GlaxoSmithKline Just Announced a Dividend Cut. Why Its Stock Is Rising.
GlaxoSmithKline ‘s spinoff of its consumer health business will allow the remaining company to grow sales by more than 5% a year for the next half-decade, but at the near-term cost of a hefty reduction in the dividend, the U.K.-based drug company said on Wednesday. The market is taking the news well.
The pharmaceutical company left behind after the spinoff, scheduled for the middle of 2022, will prioritize its vaccines and specialty medicines divisions, which will together make up three-quarters of the new company’s sales by 2026.
GSK said that it will increase adjusted operating profit by more than 10% a year, and that it aims to hit £33 billion ($38.5 billion) in sales by 2031, up from the £24 billion the company reported for divisions aside from consumer health in 2020.
In order to get there, however, investors will first have to stomach a substantial cut to the company’s dividend. Glaxo (ticker: GSK) said that the combined dividend from the stay-behind company, referred to as New GSK, and the consumer health spinoff would be approximately 55 pence per share in 2022, a 31% reduction from the 2021 dividend.
Glaxo said that New GSK’s dividend would be 45 pence per share in 2023.
Glaxo shares were up 2.3% at 10:42 a.m.

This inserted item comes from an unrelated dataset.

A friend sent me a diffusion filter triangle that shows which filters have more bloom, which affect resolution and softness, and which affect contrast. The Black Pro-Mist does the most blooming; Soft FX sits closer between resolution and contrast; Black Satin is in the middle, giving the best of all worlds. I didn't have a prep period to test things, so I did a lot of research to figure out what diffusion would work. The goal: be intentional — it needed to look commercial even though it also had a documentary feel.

Wednesday. On a media call early Wednesday. Glaxo’s CEO, Emma Walmsley, acknowledged that shares of the company have stagnated in recent years. Glaxo’s American depositary receipt is down 11.7% over the past four years, a period in which the S&P 500 Health Care sector index has climbed 56.6%.
“I am very aware that GSK shares have underperformed for a long period,” Walmsley said. “The transformation achieved over the last four years creates a completely different platform for growth, and significantly shareholder value – one that will move GSK from historical underperformance to a new, ambitious, top quartile growth outlook and delivery.”
Walmsley said that the company will focus on infectious diseases, HIV, oncology, and immunology. Glaxo says it has 20 vaccines and 42 medicines in its pipeline, and that those products will offset the patent expiration of its HIV drug dolutegravir, which will come between 2026 and 2031.
Glaxo said it plans to separate the consumer health division through a demerger, and that there will be no initial public offering for the division. Glaxo will give at least 80% of its holdings in the consumer healthcare business, which is a joint venture with Pfizer (PFE), to its shareholders. It will keep up to 20% of its holdings in the consumer healthcare company “as a short-term financial investment.”
The Wednesday announcement came in advance of an investor presentation, scheduled to begin at 9 a.m. Eastern, and as Walmsley faces unrest from investors, including a reported challenge from activist hedge fund Elliott Management. The Financial Times reported last weekend that Elliott was raising questions about whether Walmsley should continue to lead the company.
“I am a change agent, I am a business leader, and I am very excited about the new plans for a new GSK that we’re laying out today,” Walmsely told reporters. “My focus is resolutely on leading us through this transformation, through a successful separation, and with momentum beyond that.”
In a note on Tuesday, SVB Leerink analyst Geoffrey Porges argued that Glaxo’s vaccine business would be better off on its own, writing: ““If the vaccine business was truly independent, we believe that the management team could allocate capital more effectively to optimize that business, which would allow the company to be much more active in emerging technologies, such as mRNA, and in important new infections such as Covid.”
Walmsley batted back that critique on Wednesday morning. “We are great owners of our vaccines business,” she said. “It’s grown 35% since 2017. We have delivered the most successful pre-Covid across biopharma in the last decade, with Shingrix,” the company’s blockbuster shingles vaccine.
Corrections & Amplifications: GlaxoSmithKline ‘s dividend will be 45 pence per share in 2023. An earlier version of this article incorrectly said that it will be 43 pence per share.